Pascal Le Brun-Cordier, expert en ingénierie de projets artistiques
J’ai accompagné la ville et le groupe d’habitants dès le démarrage de ce projet. De nombreux échanges ont permis de faire mûrir collectivement ce projet. La proposition de Tadashi Kawamata est très étonnante, inspirante et pertinente. Son oeuvre va permettre aux habitants de vivre une expérience poétisée, les cabanes seront accessibles uniquement par l’imagination. Cette œuvre d’art va bonifier le parc en préservant son caractère forestier, sauvage.
« Une réserve pour les oiseaux »
Tadashi Kawamata revient sur la genèse de son projet artistique.

© Guillaume Clément - Ville de Tremblay-en-France
Quelle est l’histoire de votre œuvre, de ce projet ?
Je me souviens la première fois que je suis venu dans ce bois, j’ai ressenti une énergie particulière avec cette lumière. Il y a une atmosphère que je voulais conserver. J’aimerais que lorsque les gens viendront se promener, qu’ils emprunteront les chemins que prennent les animaux sortant des axes principaux, qu’ils se perdent un peu et que chemin faisant, ils aperçoivent des nids, des cabanes perchées dans les arbres. Ils pourront s’amuser à les chercher. J’espère que cela les fera revenir plus souvent dans le bois.
Les oiseaux pourront donc élire domicile dans les nids…

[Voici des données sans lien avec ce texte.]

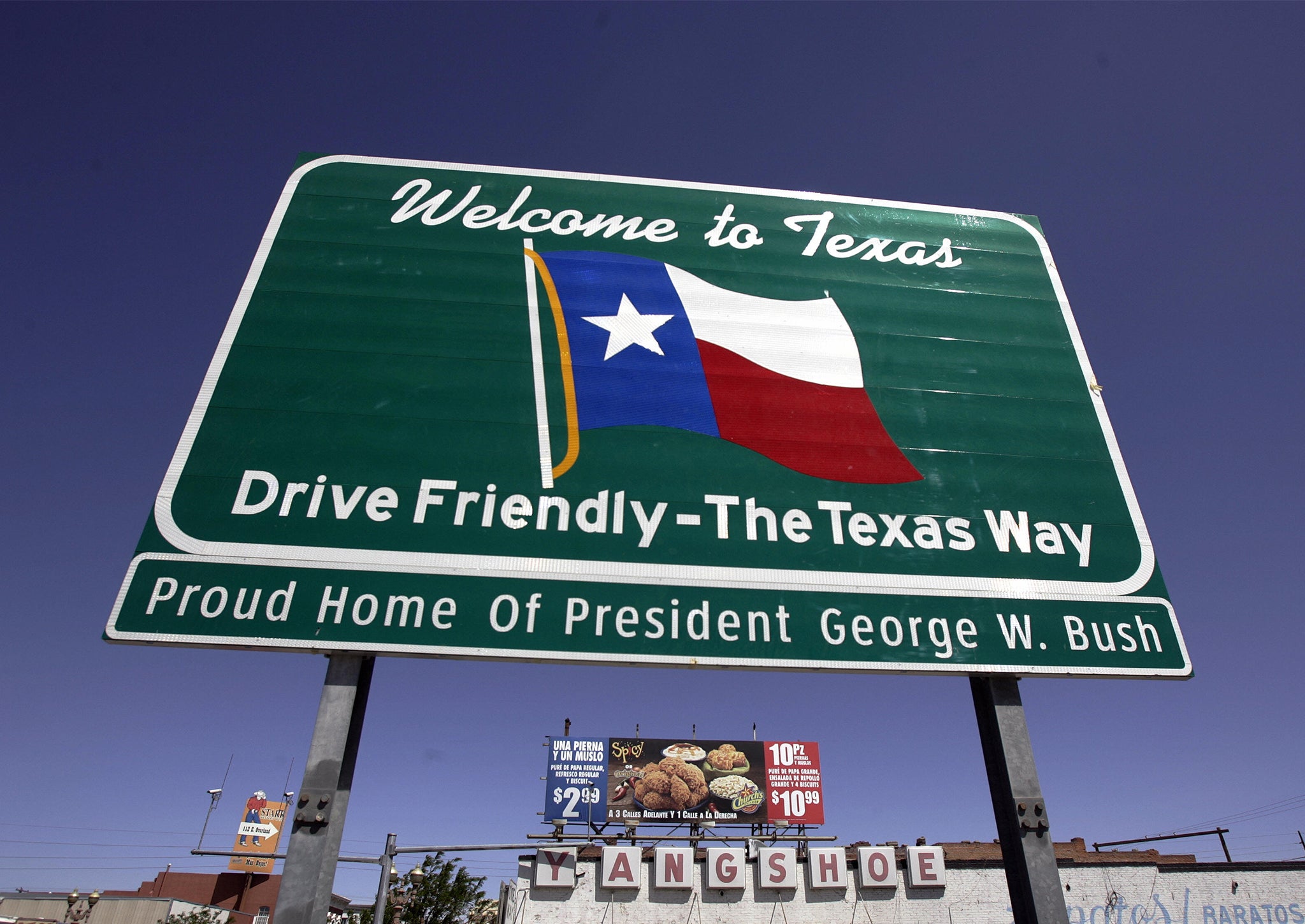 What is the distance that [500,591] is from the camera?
4.38m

Oui. Ce que je trouvais aussi très intéressant dans le fait de réaliser ce projet à Tremblay, c’est que la forêt est très proche de l’aéroport CDG et les avions sont très perturbants pour les oiseaux. Ce bois peut être considéré comme une réserve pour les oiseaux. Je trouve très intéressante cette proximité, cette contradiction entre une zone aéroportuaire internationale et la tranquillité de cette forêt.
Pourquoi ce choix de créer dans ce type de milieu ?
J’aime inscrire mon travail dans la nature, je n’aime pas les grands monuments. J’aime m’appuyer sur ces environnements pour apporter de petits changements dans les sensations, pas de gros changements, mais de petites variations. Et avec les saisons, ces lieux changent, la lumière, l’ombre changent, tout comme notre regard. J’aime travailler in situ. Je ne suis pas un artiste qui travaille en atelier, je suis dehors, dans les espaces publics car j’aime beaucoup voir la réaction des gens, comment ils interagissent avec leur environnement. C’est quelque chose de très important pour moi.
Rencontre avec Tadashi Kawamata

Tadashi Kawamata en dates
1953 : Naissance sur l’île de Hokkaido au Japon
1992 : Il est choisi pour participer à la Biennale de Venise, l’une des plus prestigieuses manifestations artistiques d’Europe.
De 1998 à 2005 : Il enseigne à l’université des arts de Tokyo 2008 : Il crée une œuvre pour le Madison Square Garden à New York
De 2007 à 2018 : Il enseigne aux Beaux-Arts de Paris.